[AIM OF THE EXERCISE]
In the entries below, repeat only the lines between those holding "Aufkleber abstract red" and "Serviette En Papier", inclusive. Leave pictures out.

[EXTRACTED MATERIAL]
BEGIN

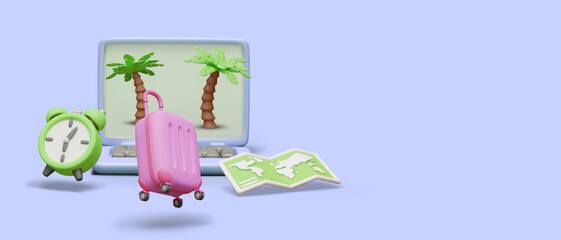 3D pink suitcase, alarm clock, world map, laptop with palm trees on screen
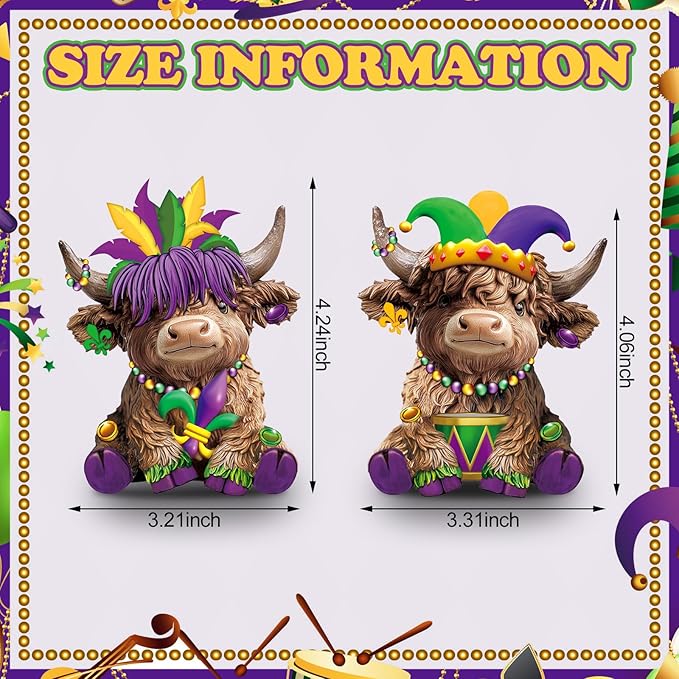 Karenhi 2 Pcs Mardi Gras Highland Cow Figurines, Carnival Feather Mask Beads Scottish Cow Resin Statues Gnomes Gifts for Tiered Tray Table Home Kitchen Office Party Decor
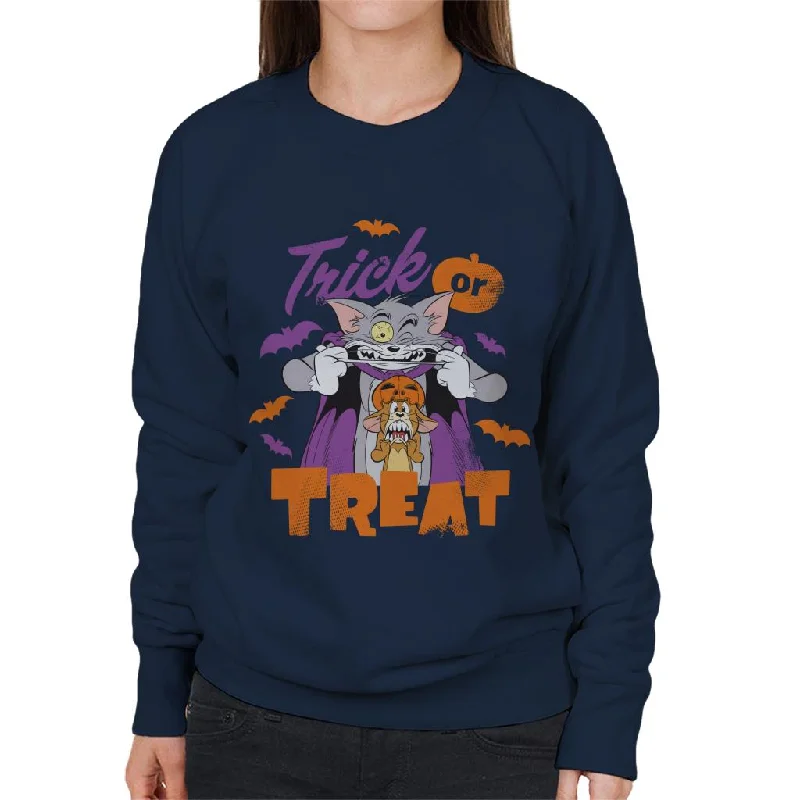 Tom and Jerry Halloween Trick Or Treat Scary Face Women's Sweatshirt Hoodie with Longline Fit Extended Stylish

END
BEGIN

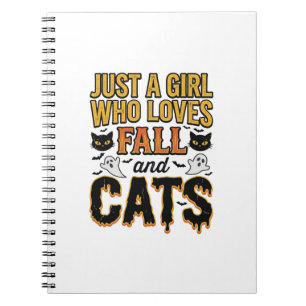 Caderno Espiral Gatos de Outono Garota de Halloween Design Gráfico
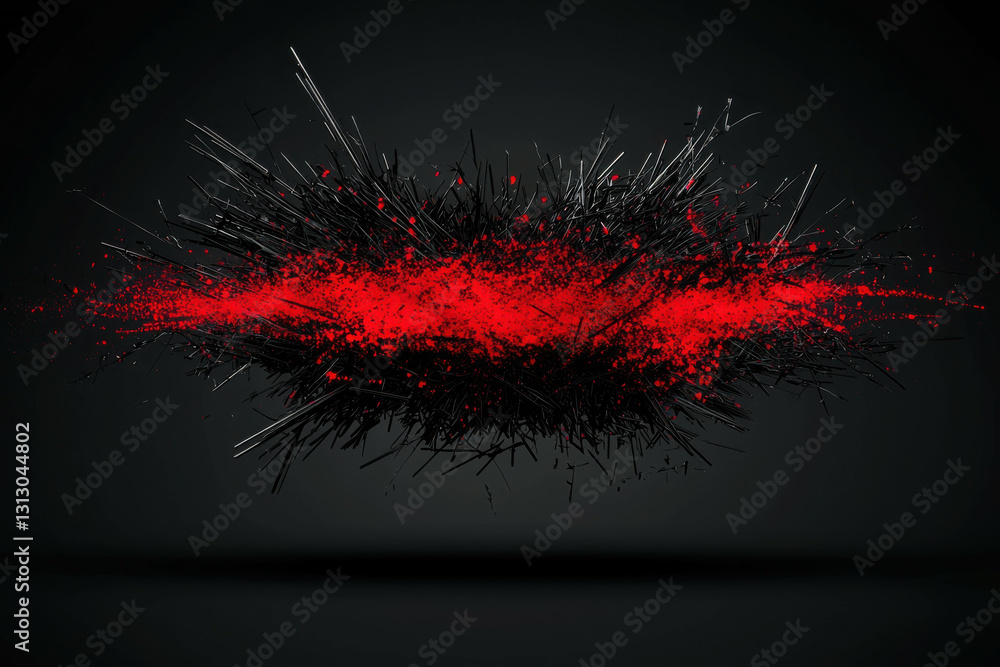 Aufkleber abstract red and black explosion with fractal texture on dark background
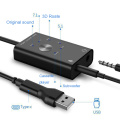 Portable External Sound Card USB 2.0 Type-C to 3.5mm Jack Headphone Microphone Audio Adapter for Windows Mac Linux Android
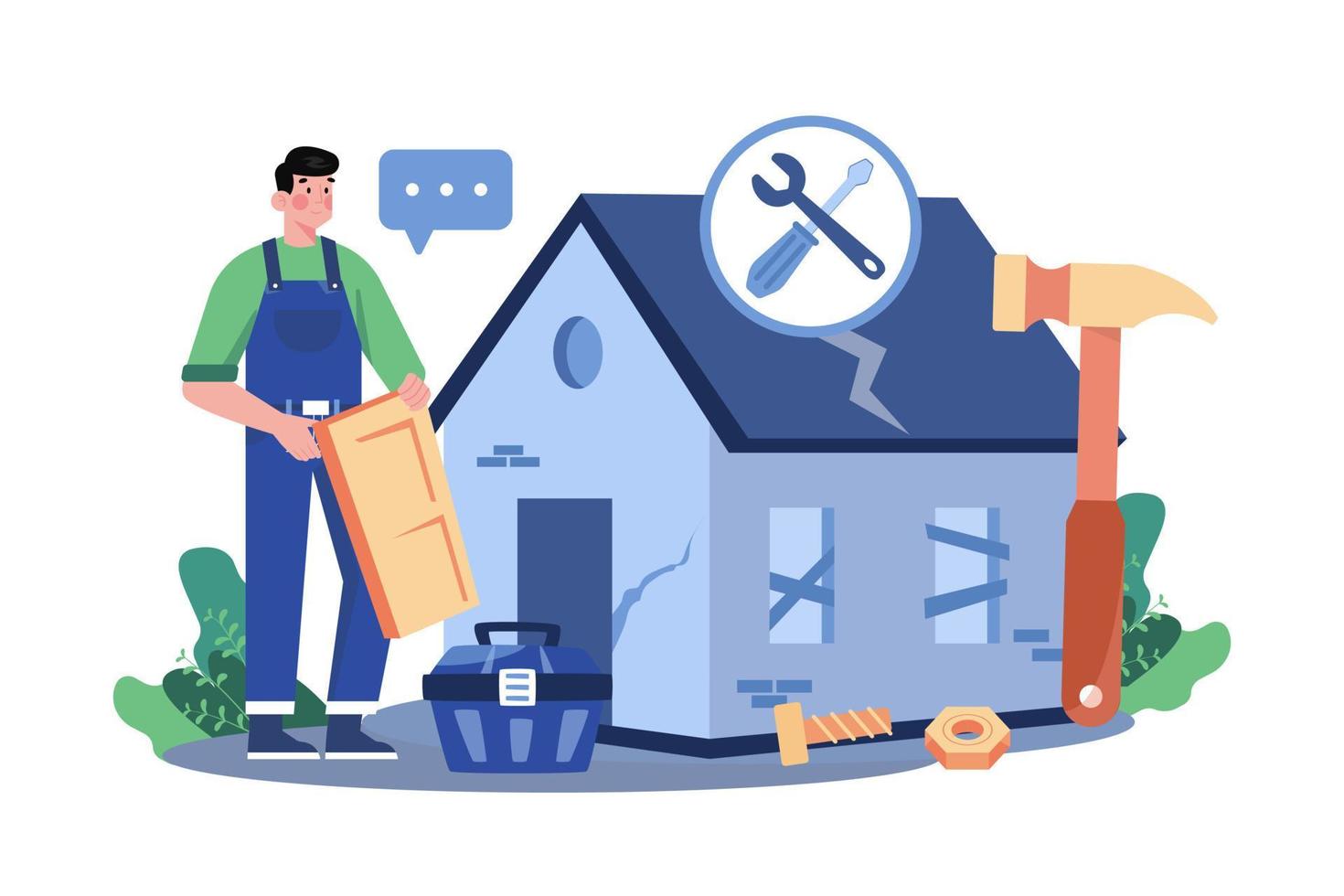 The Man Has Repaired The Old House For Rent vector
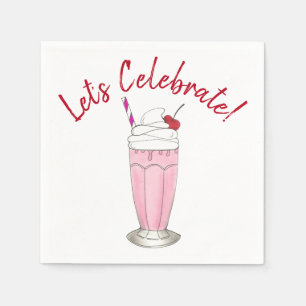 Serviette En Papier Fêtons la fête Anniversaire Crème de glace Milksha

END

[YOUR RESPONSE]
 Aufkleber abstract red and black explosion with fractal texture on dark background
 Portable External Sound Card USB 2.0 Type-C to 3.5mm Jack Headphone Microphone Audio Adapter for Windows Mac Linux Android
 The Man Has Repaired The Old House For Rent vector
 Serviette En Papier Fêtons la fête Anniversaire Crème de glace Milksha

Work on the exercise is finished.